Data to examine:
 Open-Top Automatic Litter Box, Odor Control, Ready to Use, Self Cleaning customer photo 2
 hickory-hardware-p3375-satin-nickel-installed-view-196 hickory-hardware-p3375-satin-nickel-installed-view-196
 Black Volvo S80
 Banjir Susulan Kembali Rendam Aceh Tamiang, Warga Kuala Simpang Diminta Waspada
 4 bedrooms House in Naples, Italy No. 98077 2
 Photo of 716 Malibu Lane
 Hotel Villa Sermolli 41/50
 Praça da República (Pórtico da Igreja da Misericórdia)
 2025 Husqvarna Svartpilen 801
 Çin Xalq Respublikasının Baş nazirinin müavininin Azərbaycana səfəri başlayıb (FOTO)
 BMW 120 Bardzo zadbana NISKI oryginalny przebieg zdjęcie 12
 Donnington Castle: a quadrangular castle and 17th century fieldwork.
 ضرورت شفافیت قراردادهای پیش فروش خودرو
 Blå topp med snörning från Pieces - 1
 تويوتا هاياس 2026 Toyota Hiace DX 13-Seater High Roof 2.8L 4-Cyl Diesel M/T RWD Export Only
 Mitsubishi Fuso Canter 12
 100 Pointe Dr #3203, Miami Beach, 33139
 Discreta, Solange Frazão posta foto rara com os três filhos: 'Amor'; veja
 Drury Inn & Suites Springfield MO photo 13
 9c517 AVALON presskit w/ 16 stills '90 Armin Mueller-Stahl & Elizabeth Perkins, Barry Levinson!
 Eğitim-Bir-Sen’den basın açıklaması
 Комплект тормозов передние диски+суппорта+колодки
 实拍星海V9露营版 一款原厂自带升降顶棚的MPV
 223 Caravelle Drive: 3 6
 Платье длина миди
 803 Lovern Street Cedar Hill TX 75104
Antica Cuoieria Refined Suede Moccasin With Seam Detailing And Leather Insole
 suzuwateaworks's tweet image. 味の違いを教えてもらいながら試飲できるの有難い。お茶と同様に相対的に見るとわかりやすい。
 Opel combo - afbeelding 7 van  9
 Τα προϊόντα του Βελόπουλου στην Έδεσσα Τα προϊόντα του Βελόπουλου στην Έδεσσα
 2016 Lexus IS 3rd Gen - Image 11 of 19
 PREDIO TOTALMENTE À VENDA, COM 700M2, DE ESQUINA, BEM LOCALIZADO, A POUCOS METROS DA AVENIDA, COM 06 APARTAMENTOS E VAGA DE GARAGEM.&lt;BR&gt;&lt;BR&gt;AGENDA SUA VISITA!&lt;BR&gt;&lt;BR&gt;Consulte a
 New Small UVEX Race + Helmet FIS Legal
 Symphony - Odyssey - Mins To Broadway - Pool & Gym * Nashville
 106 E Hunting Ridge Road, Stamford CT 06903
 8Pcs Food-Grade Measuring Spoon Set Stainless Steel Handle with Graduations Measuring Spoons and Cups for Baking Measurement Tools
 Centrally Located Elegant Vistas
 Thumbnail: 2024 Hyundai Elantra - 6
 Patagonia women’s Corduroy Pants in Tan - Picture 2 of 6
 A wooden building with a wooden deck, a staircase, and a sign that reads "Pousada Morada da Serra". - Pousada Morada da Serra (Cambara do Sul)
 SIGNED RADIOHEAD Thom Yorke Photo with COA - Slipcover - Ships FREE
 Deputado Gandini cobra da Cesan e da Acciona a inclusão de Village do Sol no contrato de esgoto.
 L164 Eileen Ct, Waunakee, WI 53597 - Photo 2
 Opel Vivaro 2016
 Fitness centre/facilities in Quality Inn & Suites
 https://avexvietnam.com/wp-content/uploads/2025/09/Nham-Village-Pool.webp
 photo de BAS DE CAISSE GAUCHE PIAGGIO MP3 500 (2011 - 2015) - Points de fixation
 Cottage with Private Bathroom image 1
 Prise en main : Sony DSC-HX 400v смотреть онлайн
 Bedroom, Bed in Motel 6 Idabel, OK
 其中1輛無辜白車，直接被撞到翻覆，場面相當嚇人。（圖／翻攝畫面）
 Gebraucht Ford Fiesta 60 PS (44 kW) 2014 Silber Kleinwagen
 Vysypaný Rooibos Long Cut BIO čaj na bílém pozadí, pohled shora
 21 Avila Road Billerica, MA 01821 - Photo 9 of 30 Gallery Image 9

What is required:
How many lines of the entries above include the word "Opel"? Reply with the number alone.

Exercise result:
2